Will Texas A&M’s SECession pay off?

Andrew Bucholtz
October 6, 2011

Despite the start of what’s promising to be a particularly interesting college football season, talk of messy NCAA conference realignment hasn’t ended. Debates about Missouri heading to the SEC, West Virginia leaving the Big East, BYU going to the Big 12 and other schools changing destinations are still well underway in early October.

Even though the dominoes haven’t all fallen into place on this latest batch of conference adjustments, one thing is certain; the school that started it all has a new home and the move will significantly alter the college football landscape for the foreseeable future. Texas A&M’s move to the SEC (in time for the 2012 season) kickstarted everything else, sure, but the question remains if it was the right move for the Aggies.

On one level, relocation makes a lot of sense for Texas A&M. The SEC is arguably the most dominant football conference in the NCAA at the moment, and their teams have won the last five BCS national championships.
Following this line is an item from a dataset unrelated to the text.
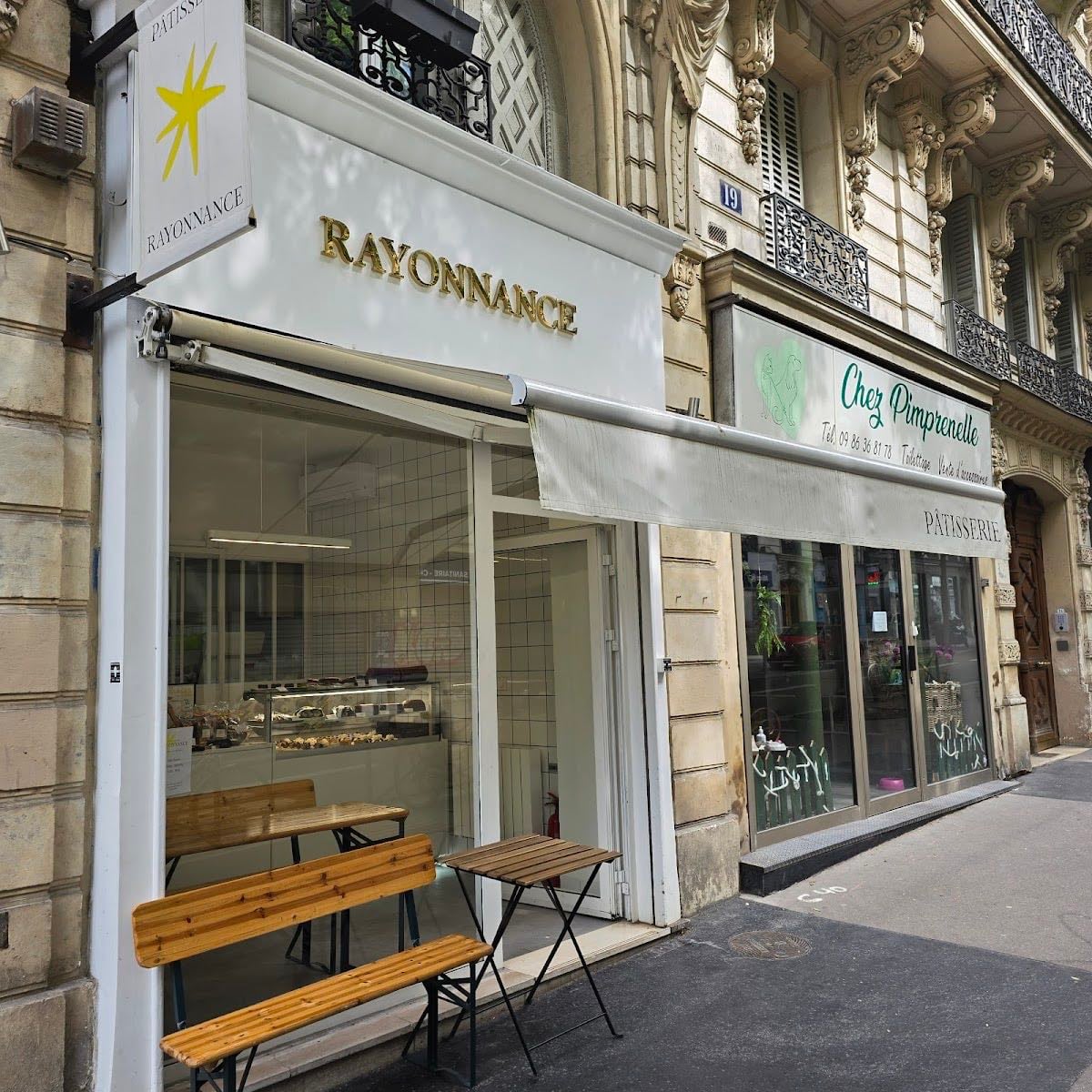 Pâtisserie Rayonnance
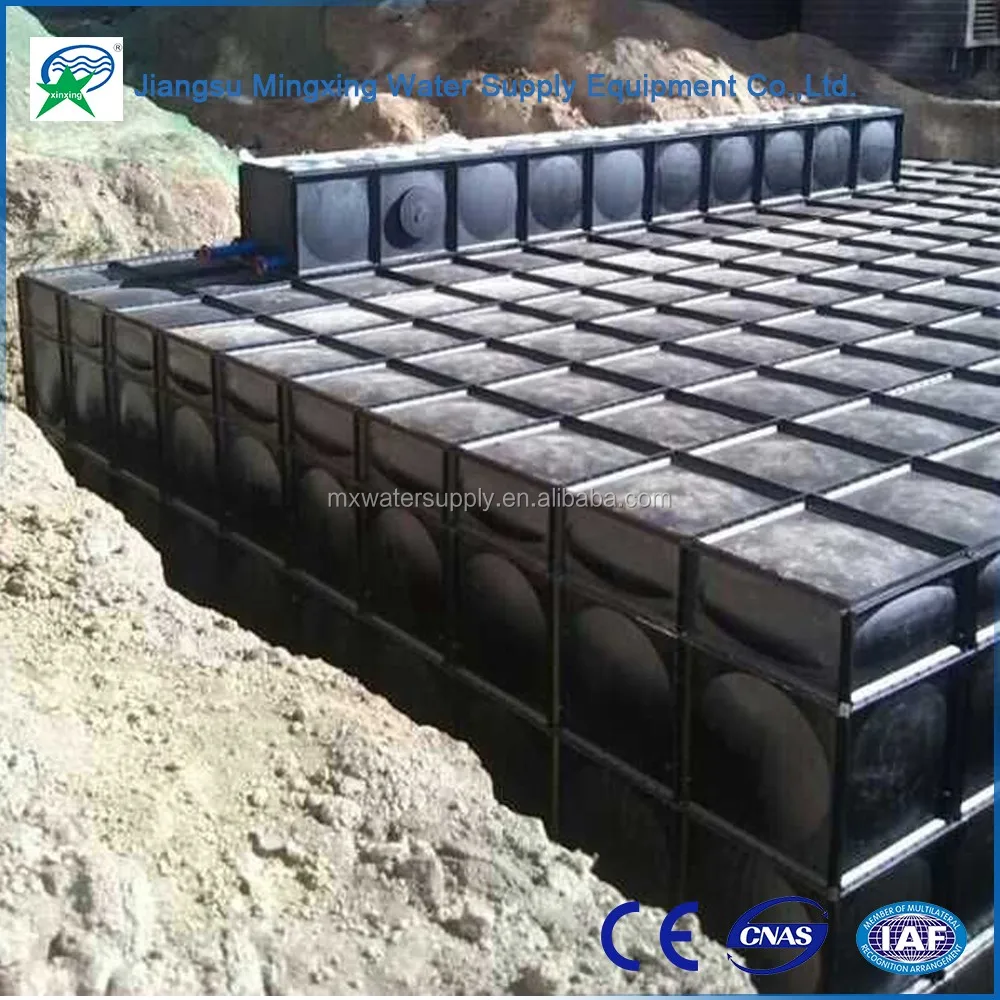 burying a water tank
Their media rights revenues put them in an elite tier of conferences with the Big Ten and the Pac-12 despite their lack of a conference network, and the SEC’s status as a college football superpower isn’t going anywhere.

This week in the Associated Press poll, the SEC has the first- and second-ranked teams (LSU and Alabama respectively), plus a third top-10 team (No. 10 Arkansas) — more top 10s than any other conference. They also have three more teams in the Top 25: No. 15 Auburn, No. 17 Florida and No. 18 South Carolina. Even the teams that aren’t on that list aren’t pushovers, as the likes of Georgia and Tennessee are perennial powerhouses. The SEC is a conference to be reckoned with, and should remain one for some time.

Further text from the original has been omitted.